● **Task goal**:
Only the text of the entries below should appear in your exact transcription; leave out every picture.
Entries supplied below:
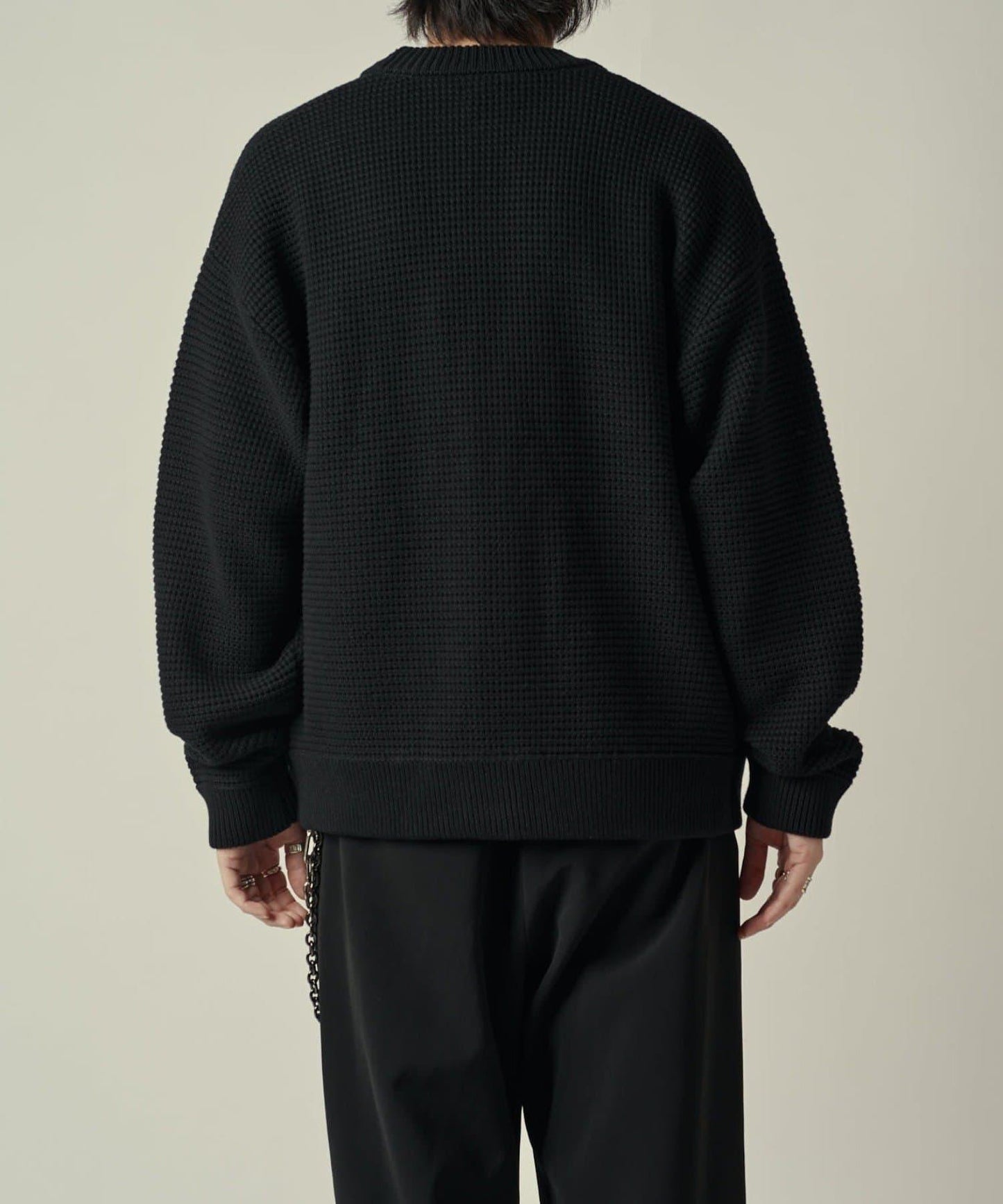 重磅華夫格開衫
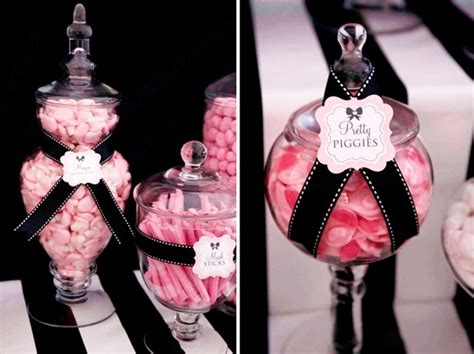 Ch De Lingerie Preto Pink E Listras Noivinhas De Luxo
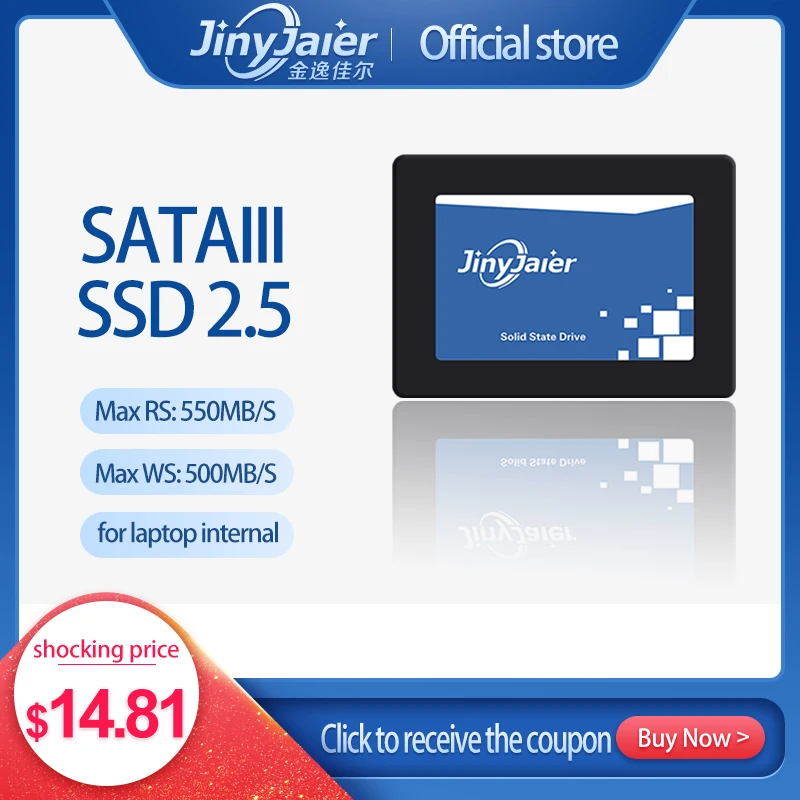 JinyJaier SSD hdd 2,5 SATA3 256 ГБ/512 ГБ/1 ТБ Внутренний твердотельный жесткий диск для компьютера ноутбука pc120гб 240 ГБ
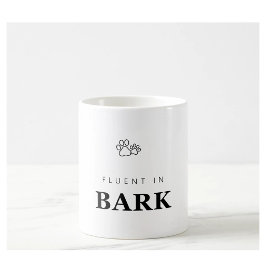Fließend in Bellen Lustiger Hunde Liebhaber Pfoten Kaffeetasse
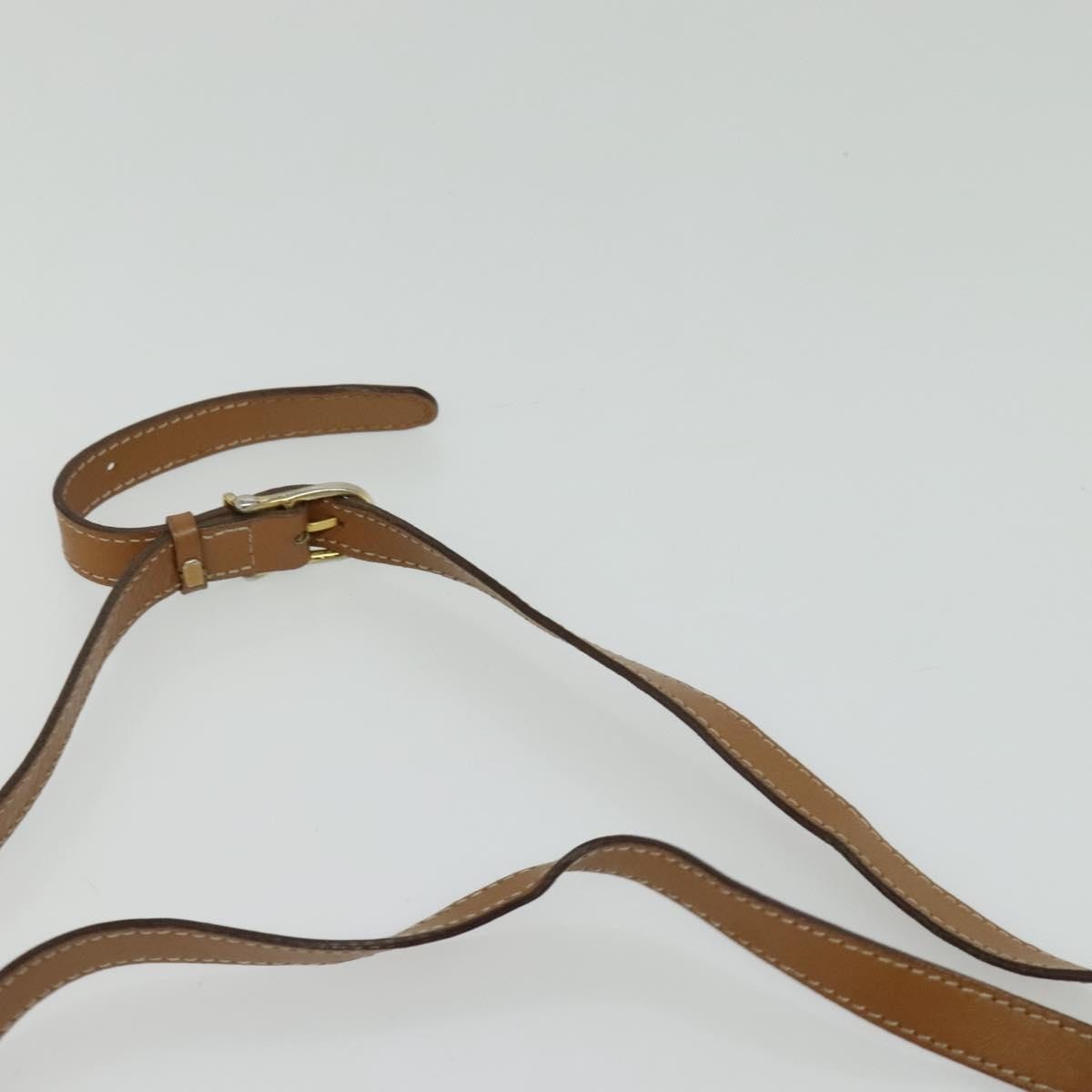 Celine Macadam Shoulder Bag PVC Leather, BEIGE, CANVAS, Shoulder bag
End of Entries supplied.
● **Response area**:
 重磅華夫格開衫
 Ch De Lingerie Preto Pink E Listras Noivinhas De Luxo
 JinyJaier SSD hdd 2,5 SATA3 256 ГБ/512 ГБ/1 ТБ Внутренний твердотельный жесткий диск для компьютера ноутбука pc120гб 240 ГБ
Fließend in Bellen Lustiger Hunde Liebhaber Pfoten Kaffeetasse
 Celine Macadam Shoulder Bag PVC Leather, BEIGE, CANVAS, Shoulder bag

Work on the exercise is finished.